1. The brilliant Ted van Griethuysen in the Shakespeare Theatre's Henry IV, Part 1. His Falstaff eschewed the role's usual jocularity and emphasized the character's darker, craven nature.
2. Costume designer Helen Huang's amazing, bizarre hats in Studio Theatre's production of Caryl Churchill's Far Away–45 minutes of violence and murder. Huang's seemingly endless varieties of absurd headwear emphasized the banality of the horror.
3. The Glass Menagerie, the best of the Kennedy Center's Tennessee Williams festival. Sally Field's sympathetic portrayal of the fading Southern belle Amanda Wingfield–less a smothering mother and more a woman frightened for her fragile daughter's future–showed the Oscar winner's impressive range.
4. The biggest surprise of the Tennessee Williams summer was Molly Smith's production of the seldom-seen Orpheus Descending at Arena Stage.

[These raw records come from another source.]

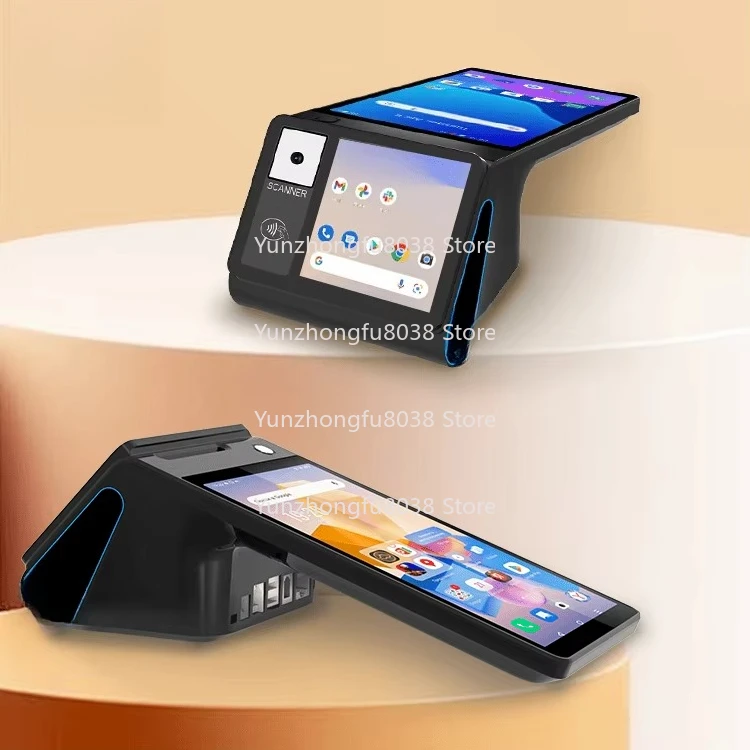 Android 13.0 Payment End Point Cash Register Efficient Retail Point System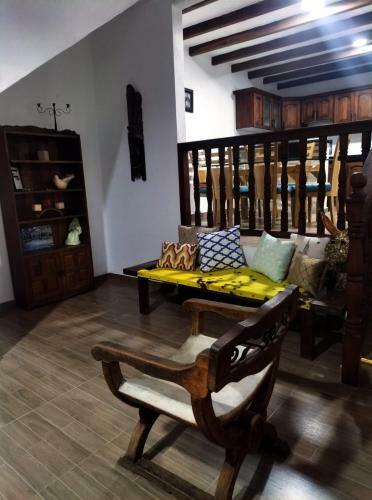 Casa Hostal Los Acacios Barichara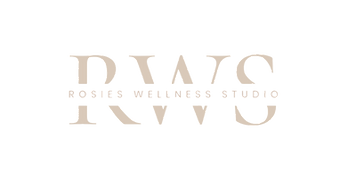 Rosie's Wellness Studio logo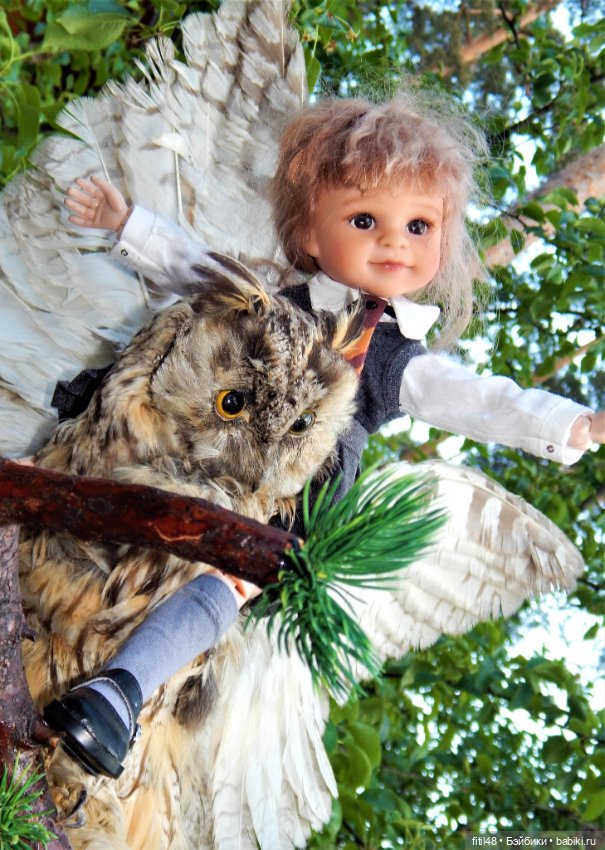 Мы из Хогвардса. Постконкурсное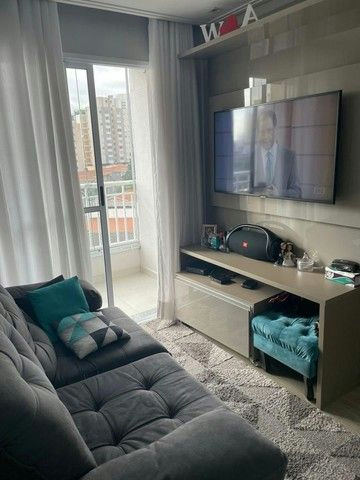 Apartamento em Quinta da Paineira - 50m² | 2 dormitórios | 1 vaga - miniatura 2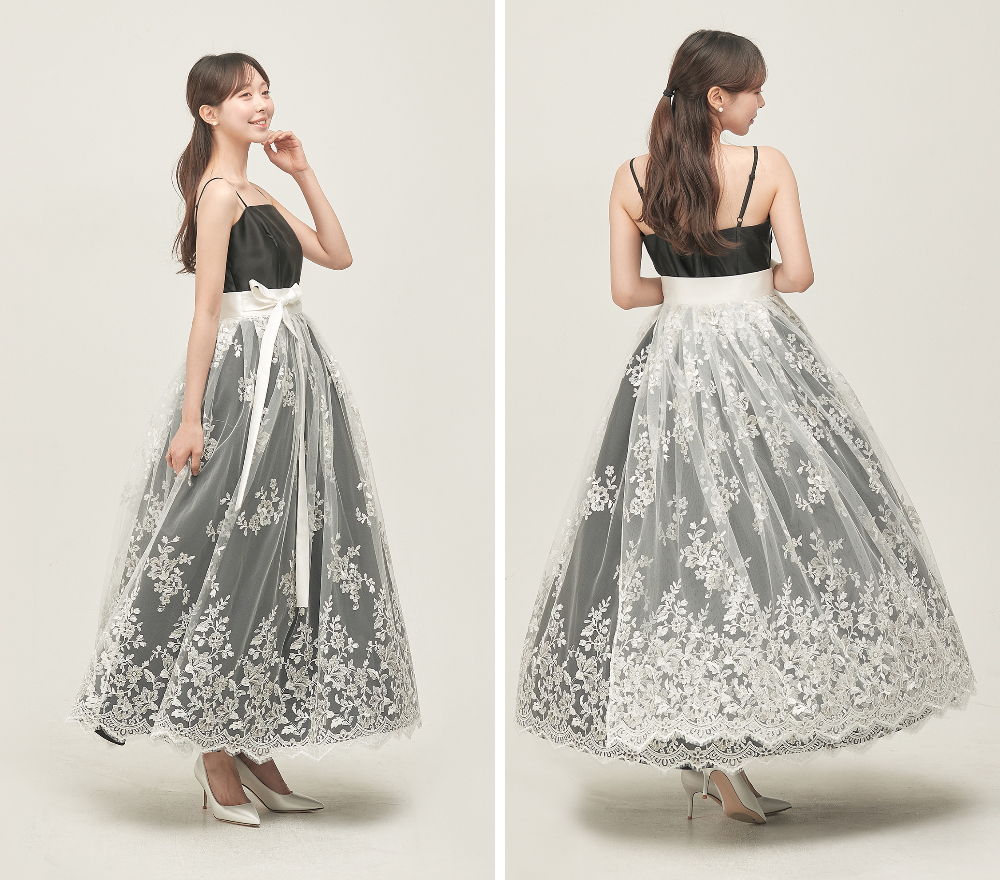 long dress model image-S61L2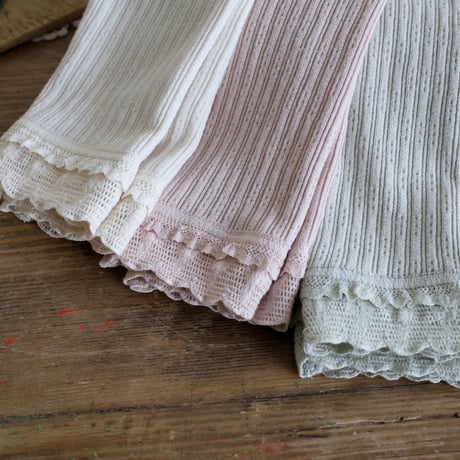 [予約]Oia leggings/  Puella FLO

The carefully orchestrated mixture of mythological symbolism and religious mysticism set in a xenophobic Southern locale created a maze of passion, cruelty, and death.
5. Woolly Mammoth Theatre Company opened its 25th-anniversary season with a wonderfully wacky production of Ian Cohen's Lenny & Lou. Teetering at the edge of tastelessness, the play made audiences laugh about oral sex, murder, and Alzheimer's disease. Howard Shalwitz's Lenny, one of two loser brothers, should bring him a Helen Hayes Award nomination.
6. Washington National Opera fans were treated to the area debut of tenor Salvatore Licitra in Umberto Giordano's brilliantly theatrical Andrea Chénier. Licitra promises to be one of the great voices of the decade. He'll be back to sing Tosca in May.